DIRECTIONS:
Beginning with the line that contains "10pcs New Resin", repeat each line exactly through the end of the listing below. Pictures stay out.

SOURCE MATERIAL:

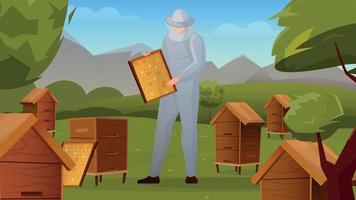 Apiary Horizontal Flat Composition vector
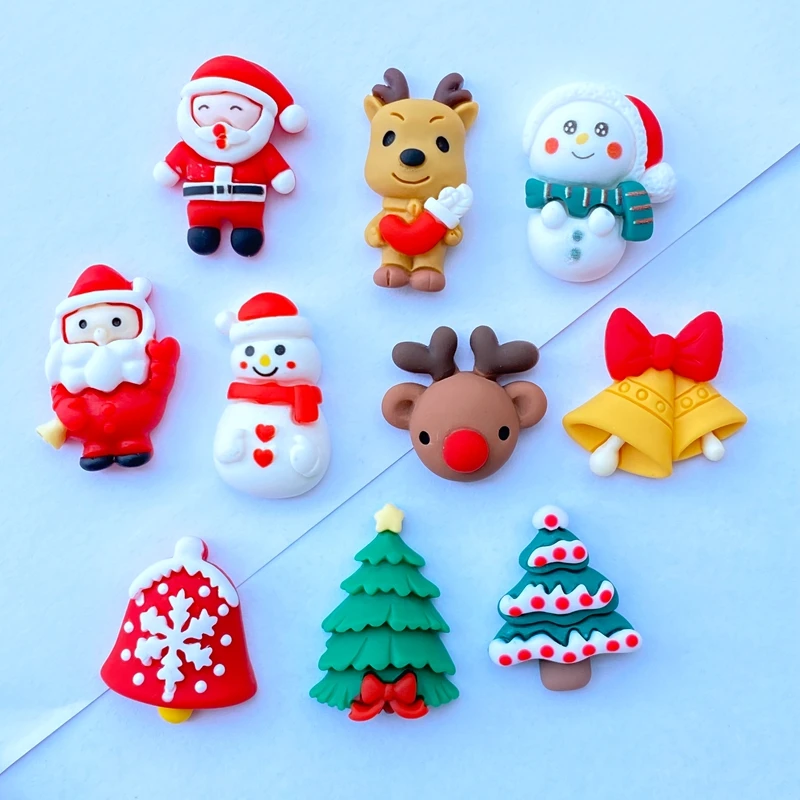 10pcs New Resin Lovely Christmas Series Flat Back Cabochon Scrapbook DIY Embellishments Accessories L75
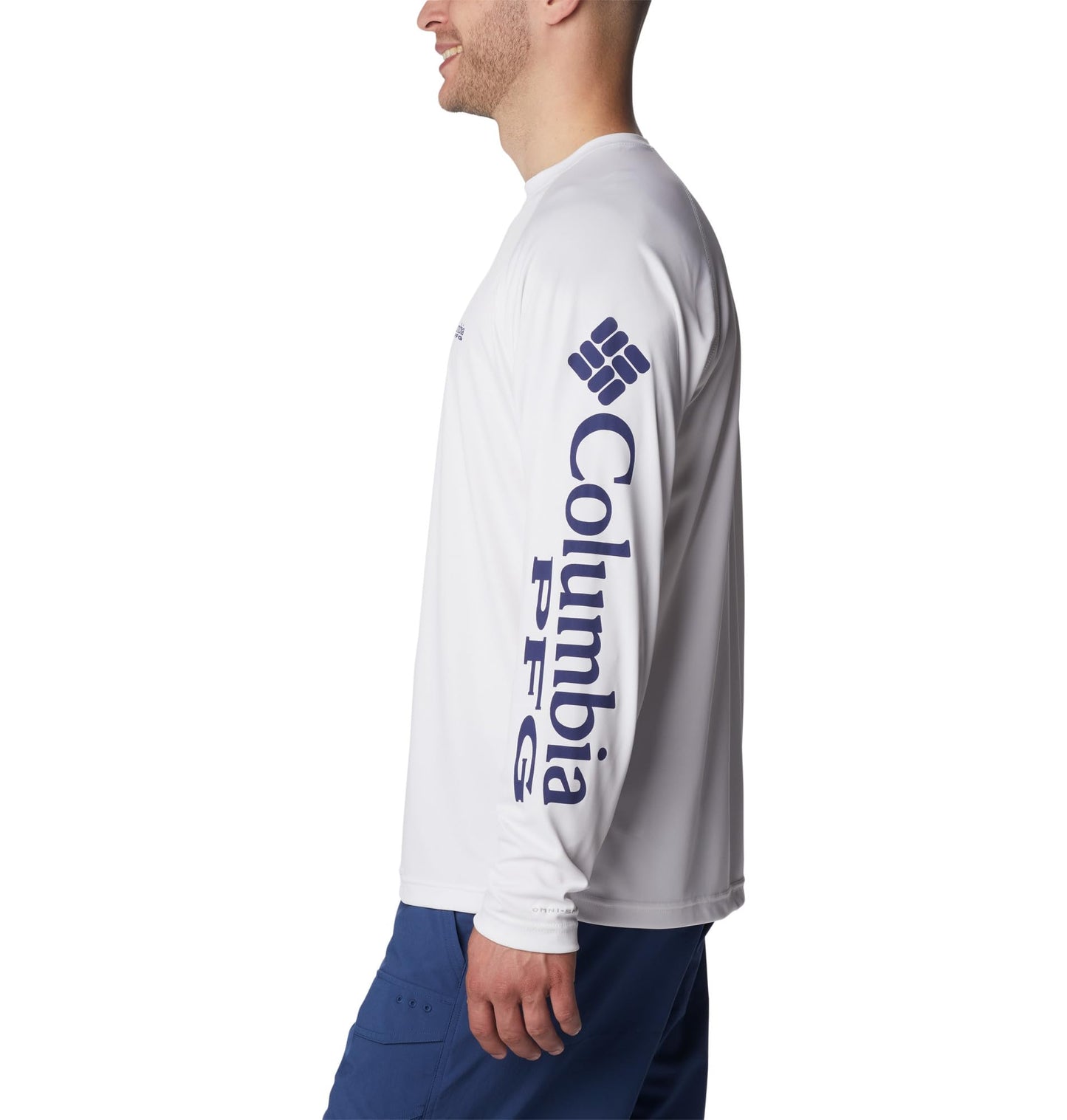 Columbia Men's PFG Terminal Tackle Long Sleeve Fishing Shirt, White/Nightshade Logo, X-Large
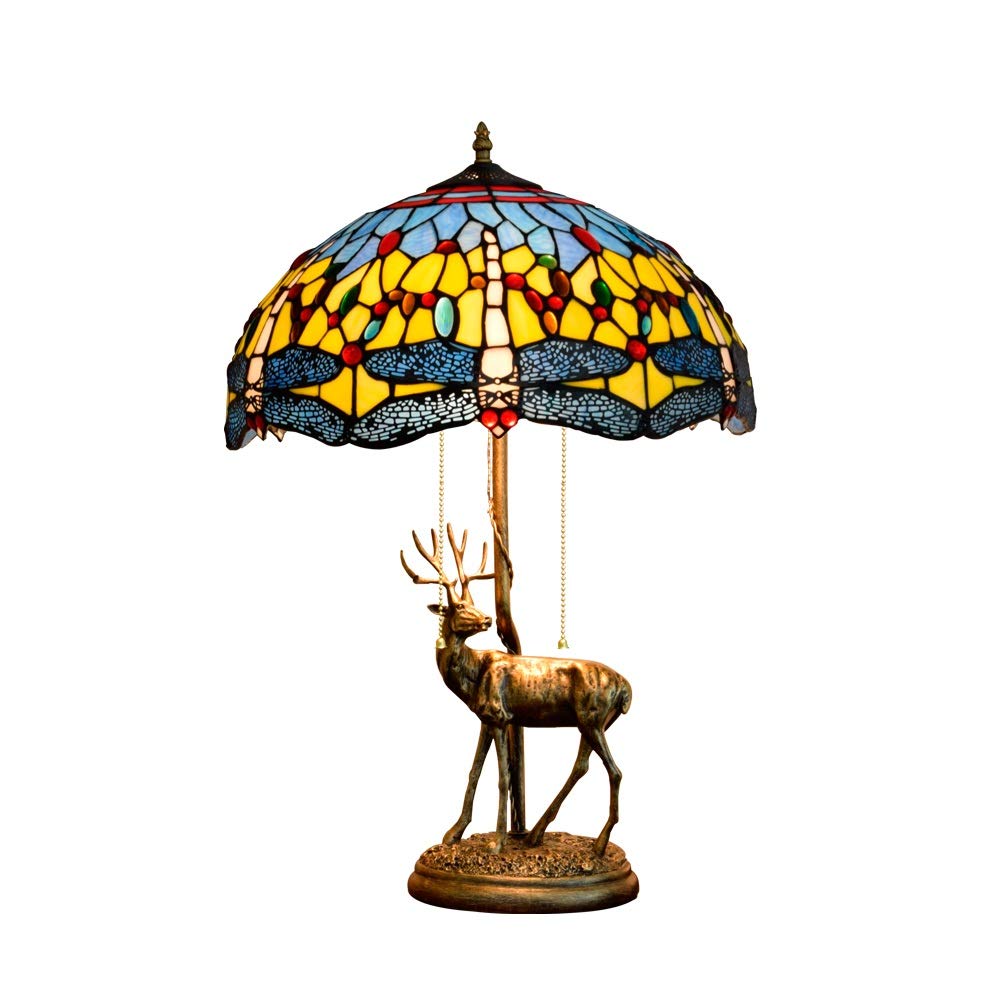 Aioneer 16 Inch Tiffany Stained Glass Table Lamp American Style Elk Base Mediterranean Blue Creative Dragonfly Desk Lamp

ANSWER TO THIS TASK:
 10pcs New Resin Lovely Christmas Series Flat Back Cabochon Scrapbook DIY Embellishments Accessories L75
 Columbia Men's PFG Terminal Tackle Long Sleeve Fishing Shirt, White/Nightshade Logo, X-Large
 Aioneer 16 Inch Tiffany Stained Glass Table Lamp American Style Elk Base Mediterranean Blue Creative Dragonfly Desk Lamp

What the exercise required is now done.